§ Work instruction
Find the line below with "AMI ALEXANDRE MATTIUSSISSENSE". Print it and every line after it exactly, through the last line, leaving out the pictures.

§ Given material
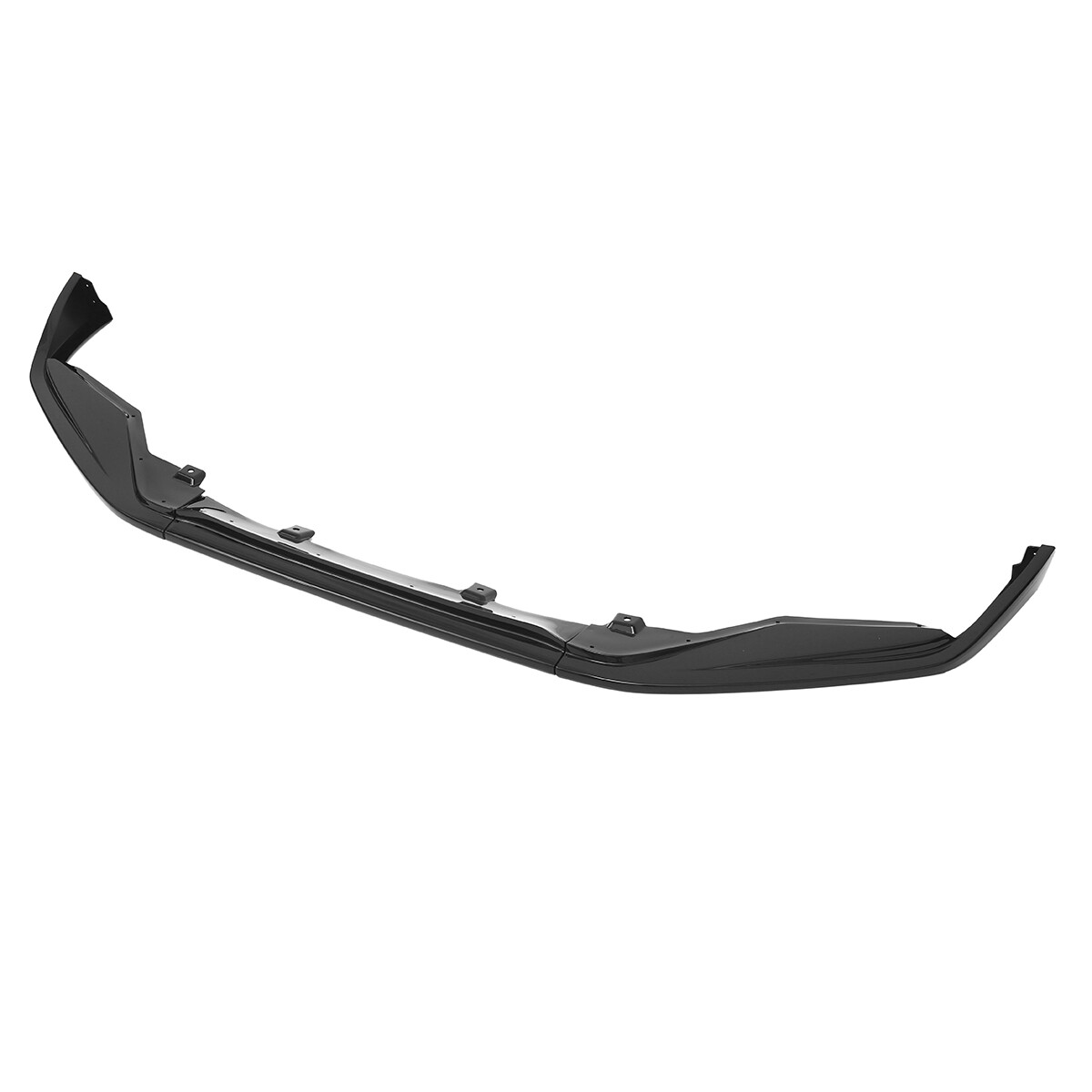 For 2013-2015 Lexus GS450 F Sport Gloss Black Front Bumper Lip Spoiler Kit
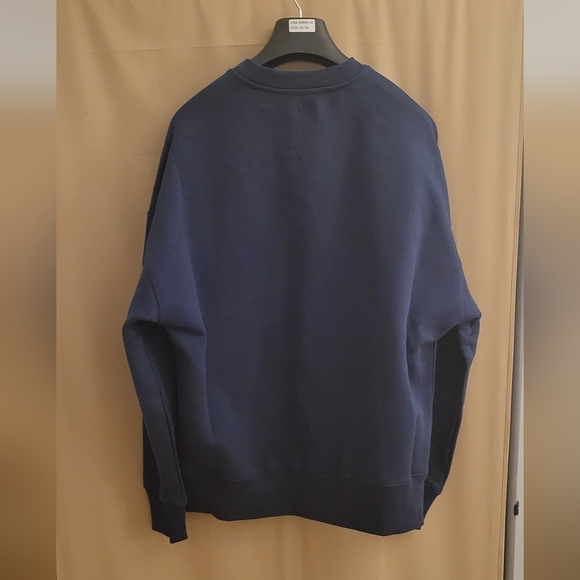 AMI ALEXANDRE MATTIUSSISSENSE Exclusive Blue Ami de Cœur Sweatshirt - Picture 4 of 6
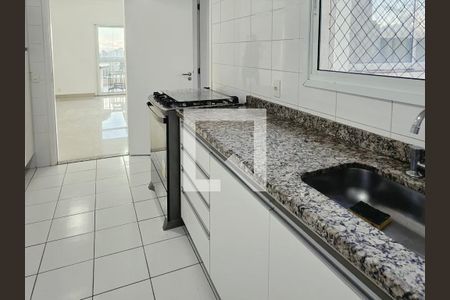 Cozinha de apartamento para alugar com 3 quartos, 158m² em Tamboré, Santana de Parnaíba
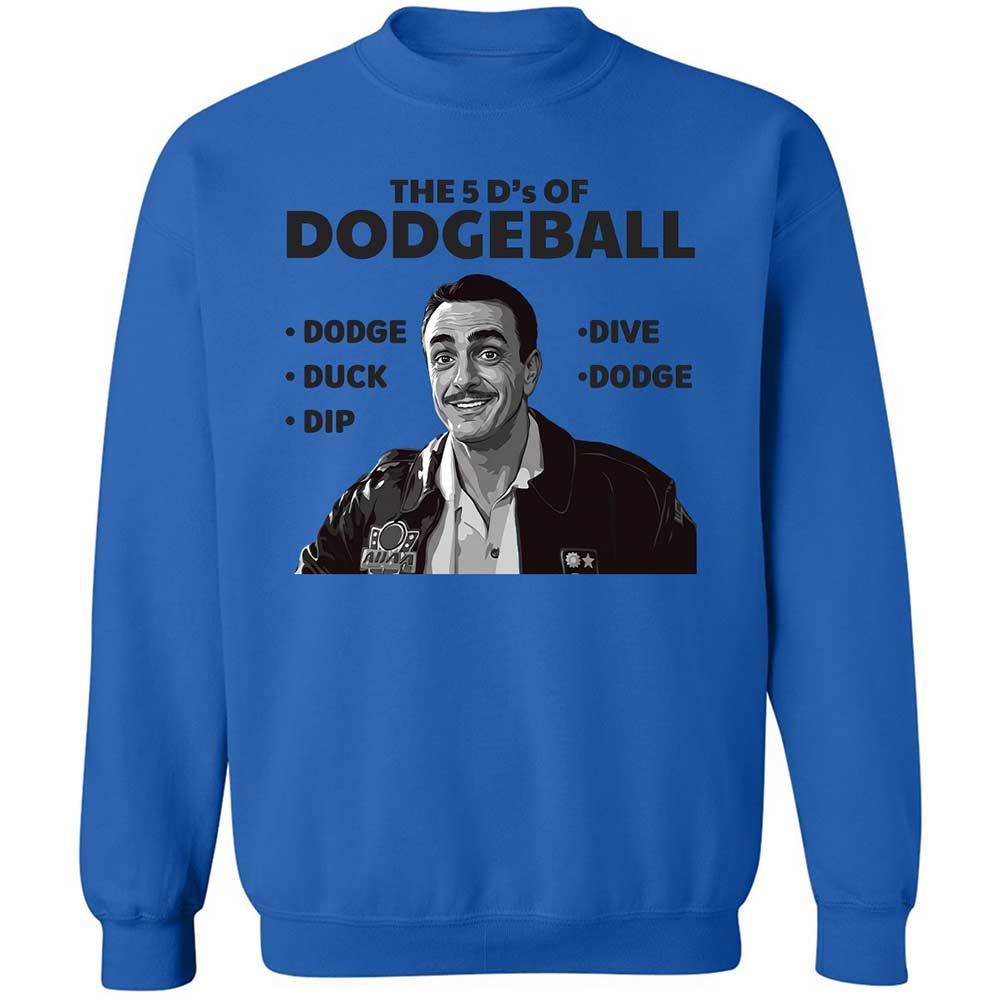Classic Unisex Sweatshirt - SEJC7AWS - Royal - 6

§ Response
 AMI ALEXANDRE MATTIUSSISSENSE Exclusive Blue Ami de Cœur Sweatshirt - Picture 4 of 6
 Cozinha de apartamento para alugar com 3 quartos, 158m² em Tamboré, Santana de Parnaíba
Classic Unisex Sweatshirt - SEJC7AWS - Royal - 6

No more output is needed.